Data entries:
* * *

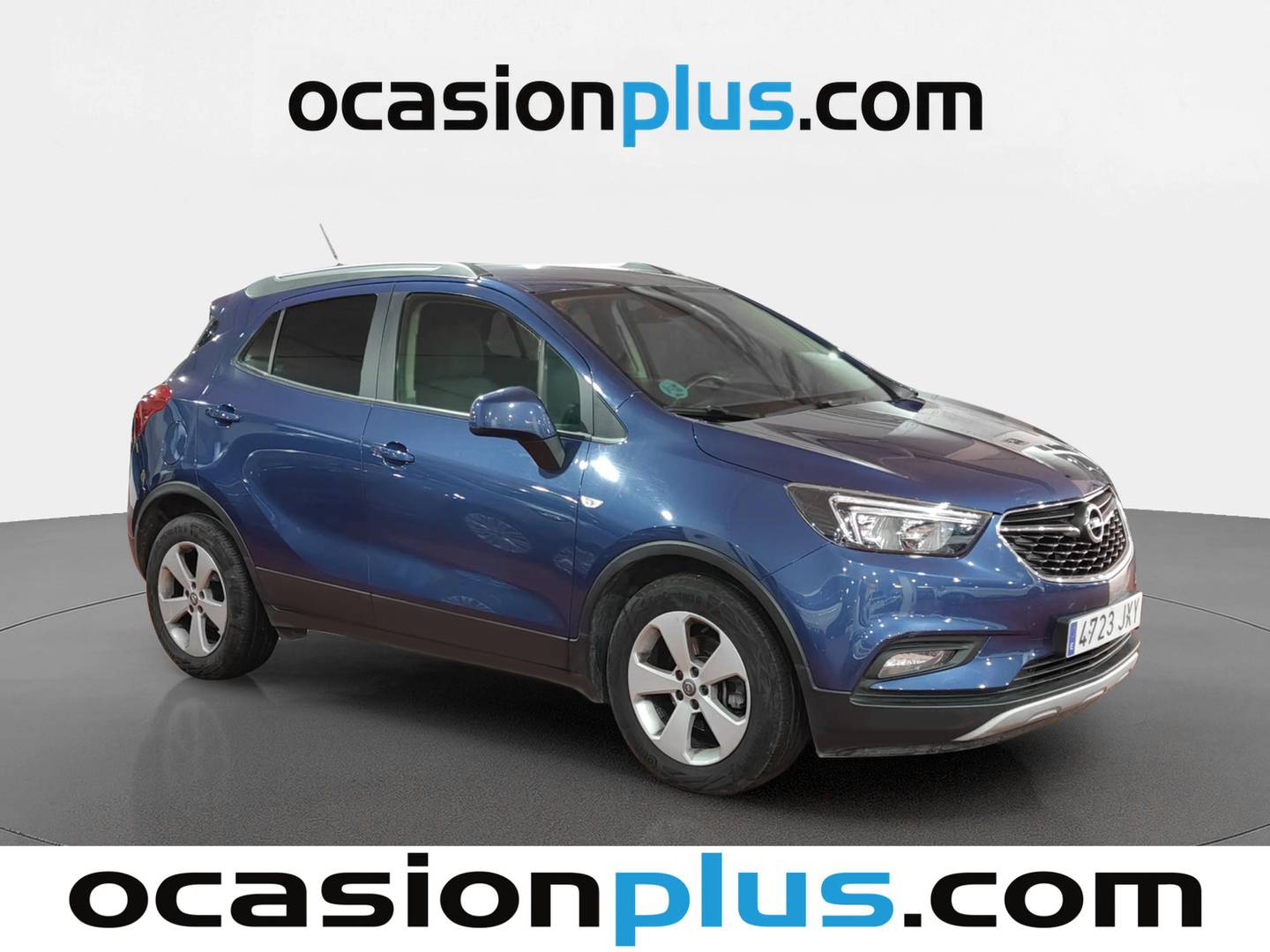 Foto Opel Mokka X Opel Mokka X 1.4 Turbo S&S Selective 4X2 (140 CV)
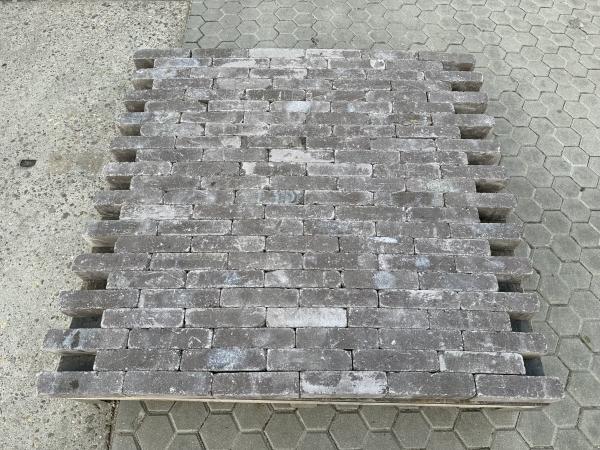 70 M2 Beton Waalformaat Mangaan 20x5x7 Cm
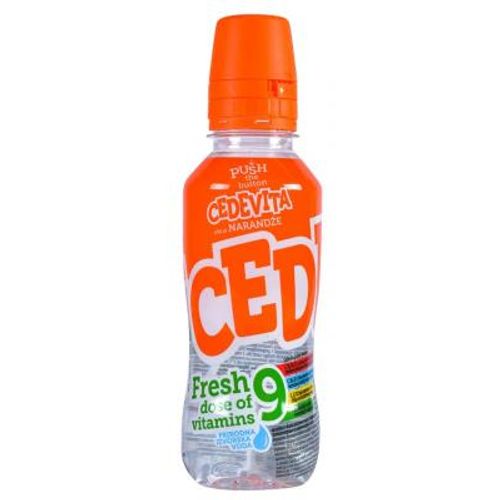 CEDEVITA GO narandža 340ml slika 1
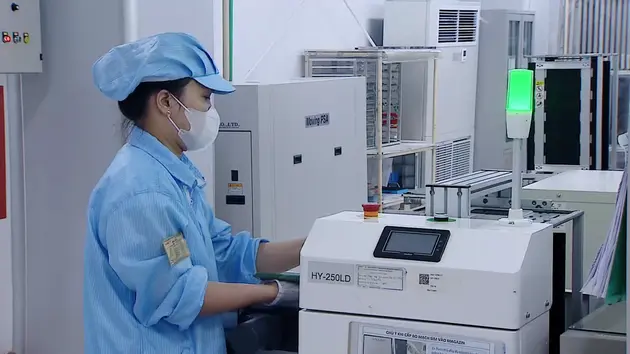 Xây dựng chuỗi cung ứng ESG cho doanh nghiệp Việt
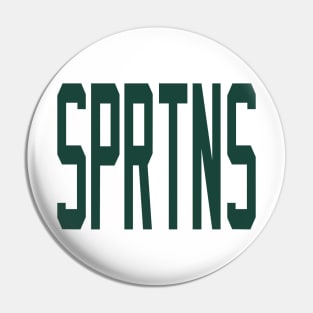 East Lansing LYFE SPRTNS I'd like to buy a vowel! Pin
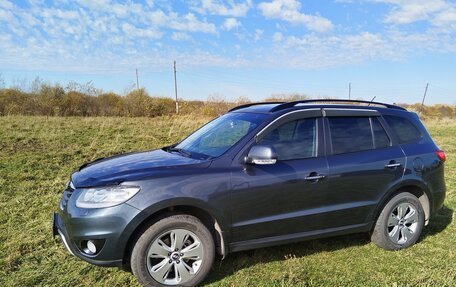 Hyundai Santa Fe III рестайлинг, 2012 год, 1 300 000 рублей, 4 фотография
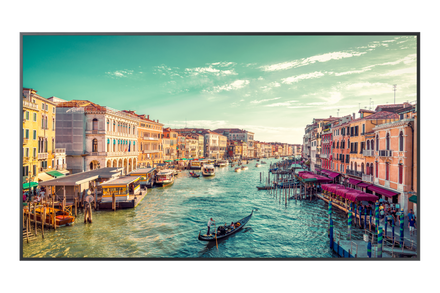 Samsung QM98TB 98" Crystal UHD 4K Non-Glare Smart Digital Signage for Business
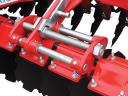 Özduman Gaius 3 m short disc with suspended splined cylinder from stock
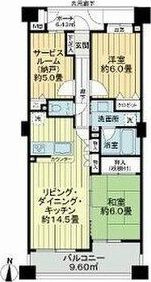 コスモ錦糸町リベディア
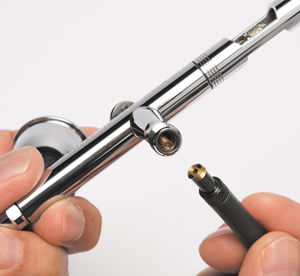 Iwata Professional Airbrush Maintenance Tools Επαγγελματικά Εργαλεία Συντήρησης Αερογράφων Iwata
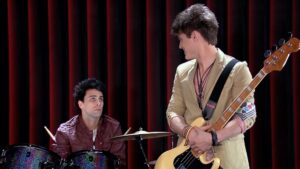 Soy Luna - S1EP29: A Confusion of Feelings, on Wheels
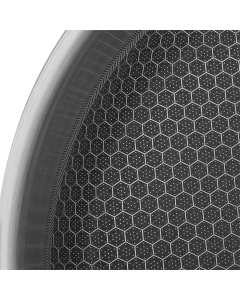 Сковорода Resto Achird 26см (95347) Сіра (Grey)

* * *

--- What is needed ---
Copy all of the data word for word, and keep the pictures out of it.

--- Solved exercise ---
 Foto Opel Mokka X Opel Mokka X 1.4 Turbo S&S Selective 4X2 (140 CV)
 70 M2 Beton Waalformaat Mangaan 20x5x7 Cm
 CEDEVITA GO narandža 340ml slika 1
 Xây dựng chuỗi cung ứng ESG cho doanh nghiệp Việt
 East Lansing LYFE SPRTNS I'd like to buy a vowel! Pin
 Hyundai Santa Fe III рестайлинг, 2012 год, 1 300 000 рублей, 4 фотография
 Samsung QM98TB 98" Crystal UHD 4K Non-Glare Smart Digital Signage for Business
 Özduman Gaius 3 m short disc with suspended splined cylinder from stock
 コスモ錦糸町リベディア
 Iwata Professional Airbrush Maintenance Tools Επαγγελματικά Εργαλεία Συντήρησης Αερογράφων Iwata
 Soy Luna - S1EP29: A Confusion of Feelings, on Wheels
 Сковорода Resto Achird 26см (95347) Сіра (Grey)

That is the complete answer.